The terrible attacks on Madurese settlers by indigenous Dayaks are a legacy of a failed government policy – that of encouraging migration between the different islands of the archipelago.
They also reflect the collapse of trust among local communities and the authorities to resolve long-standing disputes.
Military impotence
One question which puzzles observers is why the Indonesian security forces appear to be doing so little to control or disarm the gangs of Dayaks.
One reason is that at first the soldiers and police in Central Kalimantan were simply outnumbered. Another is that the military is no longer the feared and respected institution it was under the repressive Suharto regime.
Even under the former president, Indonesia?s armed forces were very small. There were only around 500,000 personnel – about the same number as today – most of them badly-trained police officers, spread across a country of more than 200m inhabitants, as wide as the United States and spread across 13,000 islands.
Rule of fear
President Suharto relied on the fear he and a few elite military units instilled in the Indonesian people to deter any serious challenges to his rule.

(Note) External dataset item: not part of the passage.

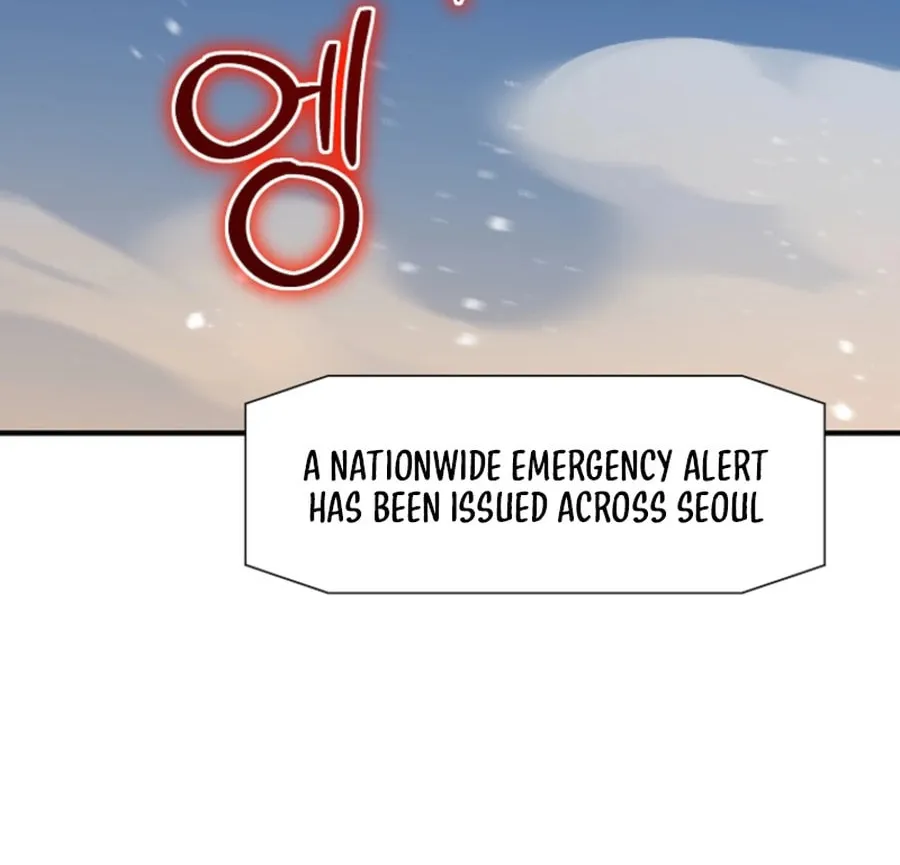 Food Truck Owner inside the Dungeon Chapter 53 page 6 -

The military was able to concentrate its efforts on crushing the isolated outbreaks that did occur, and then use its control of the media to prevent news of the unrest from leaking out.

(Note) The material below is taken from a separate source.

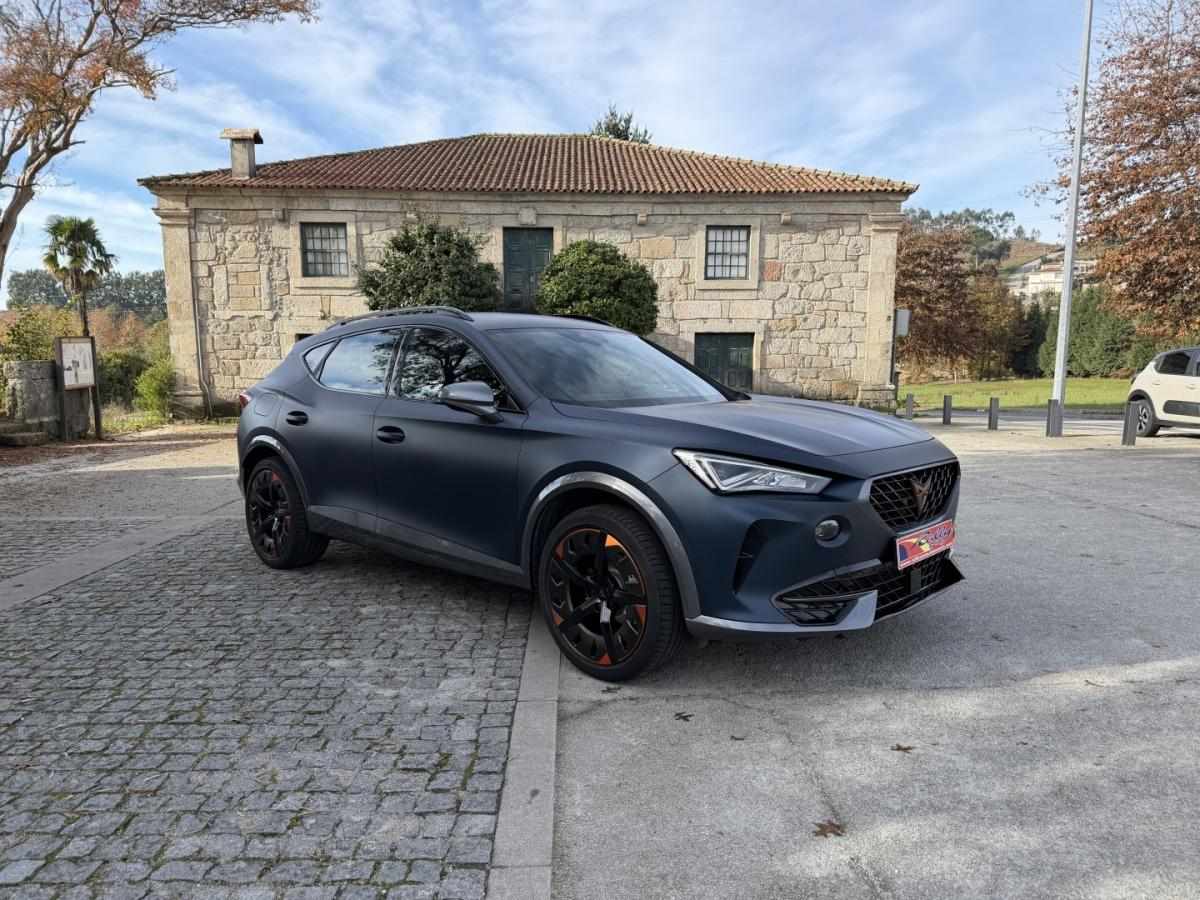 cupra-formentor-2022-hibrido-1395cc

Back in February 1997, when I covered previous Dayak attacks on Madurese settlers, which left 1,000 dead, we were quickly detained by the elite troops sent in to quell the violence, and prevented us from covering the conflict.
Collapse in morale
All that changed after Suharto fell from power in May 1998. Morale collapsed in the ranks of the military, as a resentful public turned against them.
The economic crisis which had helped bring about the end of the Suharto regime was also hurting the soldiers.
They had relied on huge informal levies taken by their commanders from local businesses to boost their meagre salaries, even to pay for military operations. Many of those businesses either collapsed after 1997, or just refused to pay up any more.
Decades of clashes
Immigrants from the impoverished island of Madura started arriving in Borneo as long ago as the 1930s.
The devoutly Muslim Madurese are viewed throughout Indonesia as aggressive settlers. Clashes between them and indigenous Dayaks go back many decades.
The Dayaks are the originial inhabitants of the Borneo rainforest. In recent years they have been marginalised by the rapid economic development of Indonesian Borneo and have found themselves competing with the Madurese for jobs.
When violence broke out in 1997 in West Kalimantan large groups of Dayaks armed themselves and many Madurese were beheaded in a grim revival of an old Dayak custom. Following the fall of the Suharto regime, violence broke out again in 1999.
In the most recent violence, local Malays and other ethnic groups joined the Dayaks in their attacks on the immigrants.
Thousands of Madurese homes have been burnt, but there is nowhere else in Indonesia for the settlers to go and most of the refugees have stayed in West Kalimantan.
The indigenous people accuse the Madurese of being insensitive to their customs and culture.
Fragmented army
Indonesia's security forces today are every bit as fragmented along ethnic, religious and organisational lines as the civilian population.
The police, who have now been formally separated from the military command structure, have long resented the more privileged soldiers. In several areas, including Borneo, police and military units have engaged in armed battles with each other.
In other areas, like the Molucca islands, troops and police officers have abandoned their units and joined the fighting on the side of their own ethnic or religious community.